Claim No. 1-1 was filed by the Idaho State Tax Commission ("ISTC") for unfiled individual income tax and sales and use taxes totaling $15,709.49. ISTC's proof of claim asserts only priority and nonpriority unsecured obligations, but also notes on the face of the filed claim that ISTC has a lien on Debtor's real and personal property by statute. While ISTC does not specifically assert a secured claim on its filed proof, the TSG does note the presence of recorded ISTC liens for sales and use taxes in 2008 (and continued in 2013), two more such sales and use tax liens in 2012, and another sales and use tax lien in 2014. The TSG also reflects an ISTC lien for individual income tax in 2014.

Claim No. 7-1 was filed by the State of Idaho Department of Health and Welfare as a priority unsecured claim for child support arrears in the amount of $122,403.99. The TSG reflects a 2006 lien of record filed by the State of Idaho for child support.

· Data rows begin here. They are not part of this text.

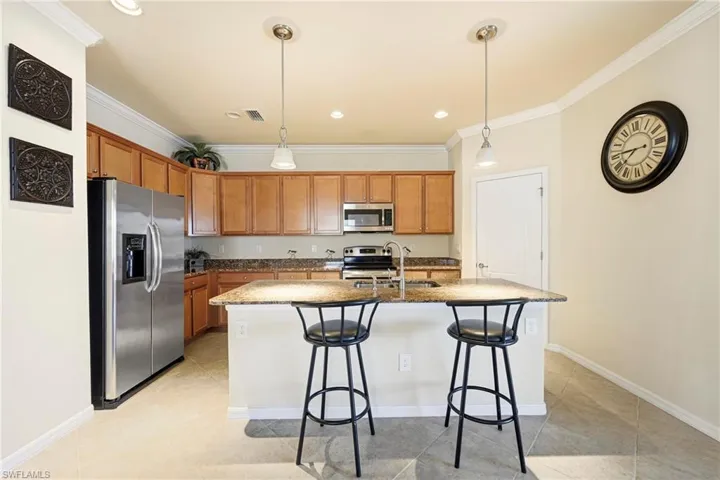 Kitchen with stainless steel appliances, wood finish cabinetry, an island with sink, hanging light fixtures, and crown molding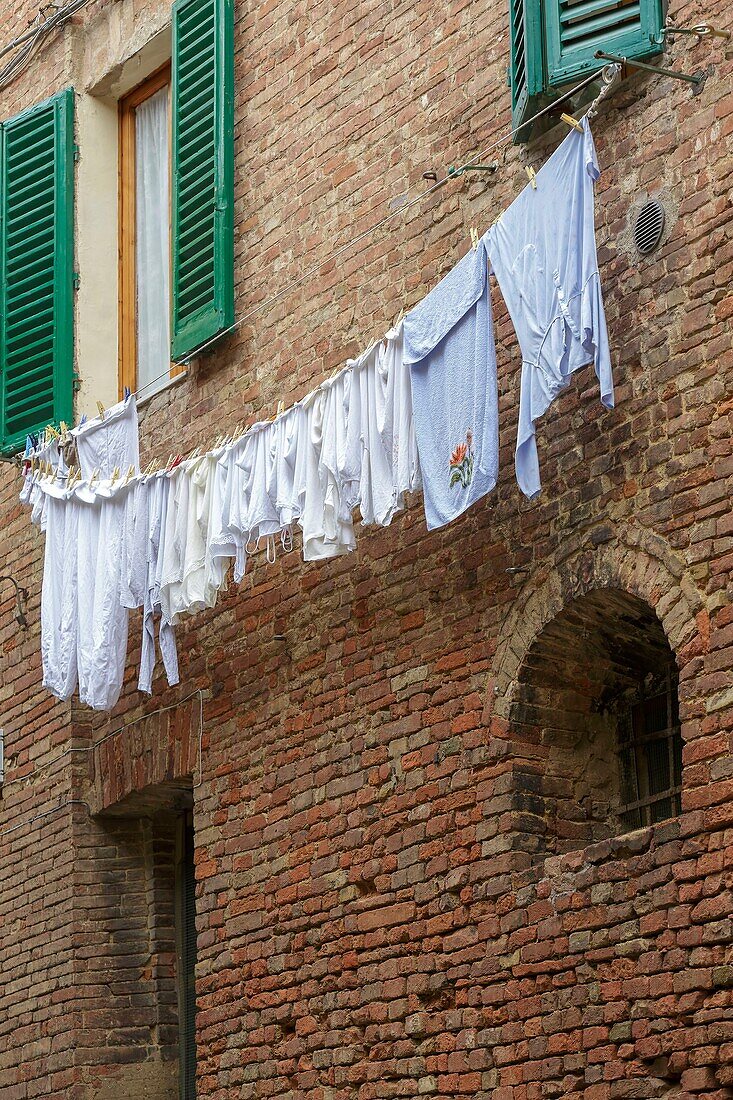 Italien, Toskana, Siena, historisches Zentrum, von der UNESCO zum Weltkulturerbe erklärt, Fassade und hängende Kleidung im historischen Zentrum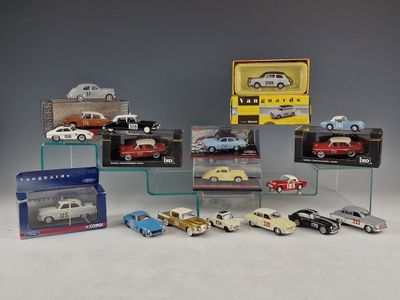 a lot of toy cars on display in a display case
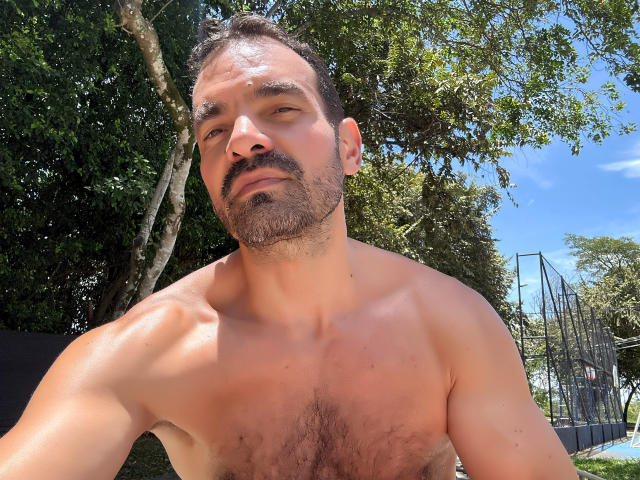 Shirtless XRawForU with a muscular, hairy chest, dark hair, and beard, looking slightly up, outside in sunlight, showing a relaxed, confident expression.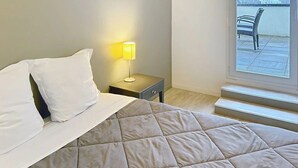 Quarto com cama, mesa de cabeceira com abajur e janela com vista para uma cadeira e um corpo d'água.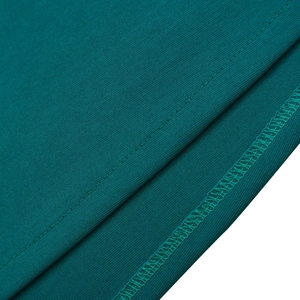 Dettaglio del tessuto a maglia verde scuro con cuciture piatte e sopraggitto di qualità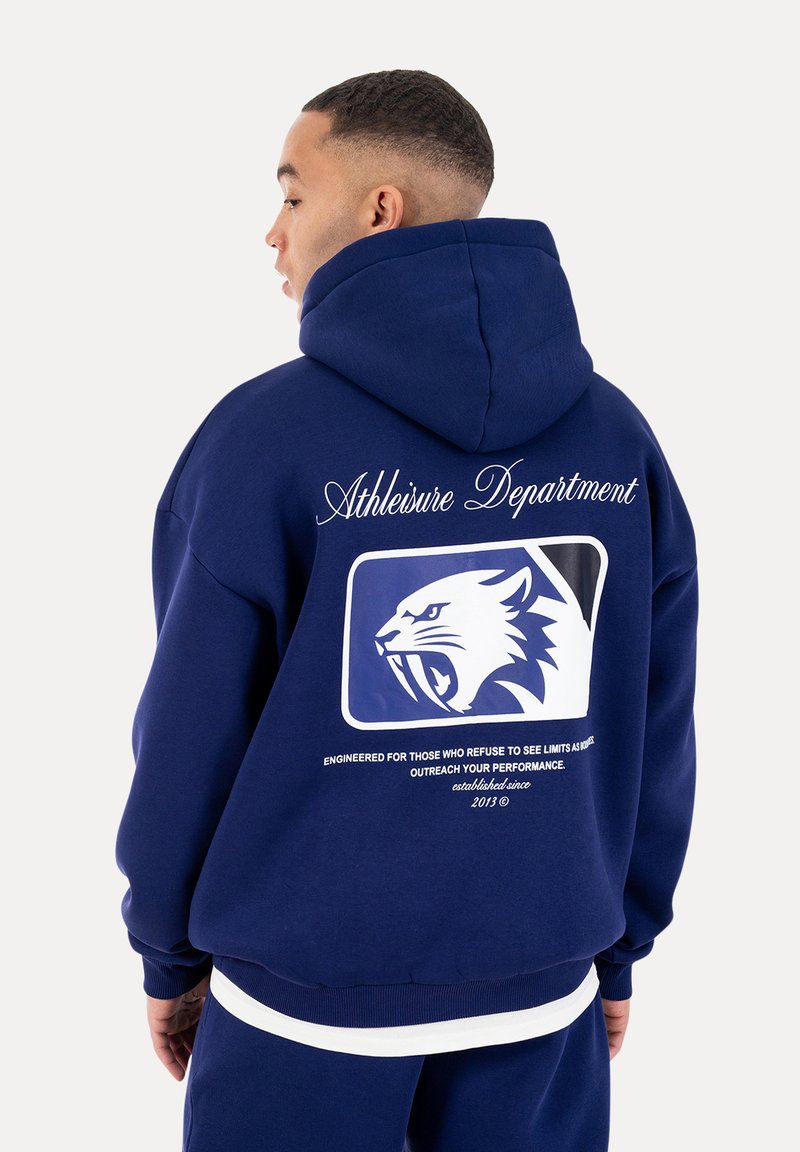 Mann seitlich stehend, trägt einen marineblauen Hoodie mit dem Schriftzug "Athleisure Department" und einer Grafik einer brüllenden Panther auf dem Rücken.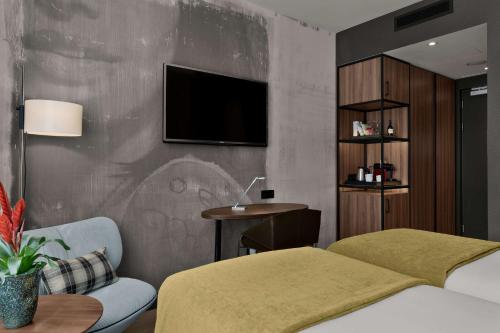 a hotel room with two beds and a tv at NH Collection Amsterdam Flower Market in Amsterdam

The TSG also reflects judgment liens of record for Credit Bureau of Lewiston Clarkston of $8,500.00 and $8,630.47 (collectively $17,130.47). No proofs of claim have been filed by the Credit Bureau though, as noted, Debtor's schedule D lists its secured claim of $17,130.47.

c. Calculation of equity

The Property has a value of $130,000 and the Court finds it is encumbered by, at the least:

- real property taxes of $9,174.74;

- Creditor's first position secured claim of $102,014.39 at filing;

- the judgment liens of Credit Bureau of Lewiston Clarkston totaling $17,130.47, plus interest accrued on those judgments from their respective dates of entry in April 2006 and May 2007 to the date of the bankruptcy filing.

In certain of his submissions Debtor argues that the Credit Bureau's "liens" were discharged in the 2013 Case under chapter 7. The discharge, however, eliminates only collection of unsecured liability, and nothing in that case docket reflects any avoidance of the liens against the Property. See Johnson v. Home State Bank, 501 U.S. 78, 82-84 (1991) (holding discharge in chapter 7 eliminated personal liability of debtor for the claim but that such creditor's right to foreclose on security survives or passes through the bankruptcy and constitutes a claim subject to inclusion in a later chapter 13).

The total ofjust these three encumbrances consumes all but $1,680.40 of the Property's $130,000 value, and that is before consideration of Creditor's § 506(b) rights.

The TSG indicates that the 2004 date of Creditor's recorded lien precedes the dates of recording of all other liens, and is junior only to real property taxes. Creditor is thus oversecured and, under § 506(b), is allowed post-petition interest and reasonable attorneys' fees. Those amounts were not discussed, estimated or established.

Additionally, the TSG indicates the Property is also encumbered by the ISTC's previously recorded liens aggregating $24,956.31 (sales and use tax) and $12,822.37 (income tax), notwithstanding ISTC's failure as yet to specifically assert lien rights through a proof of claim.

The claims bar date has not yet run. Nongovernmental creditors must file their claims by August 10, 2015 and governmental creditors must file their claims by September 21, 2015.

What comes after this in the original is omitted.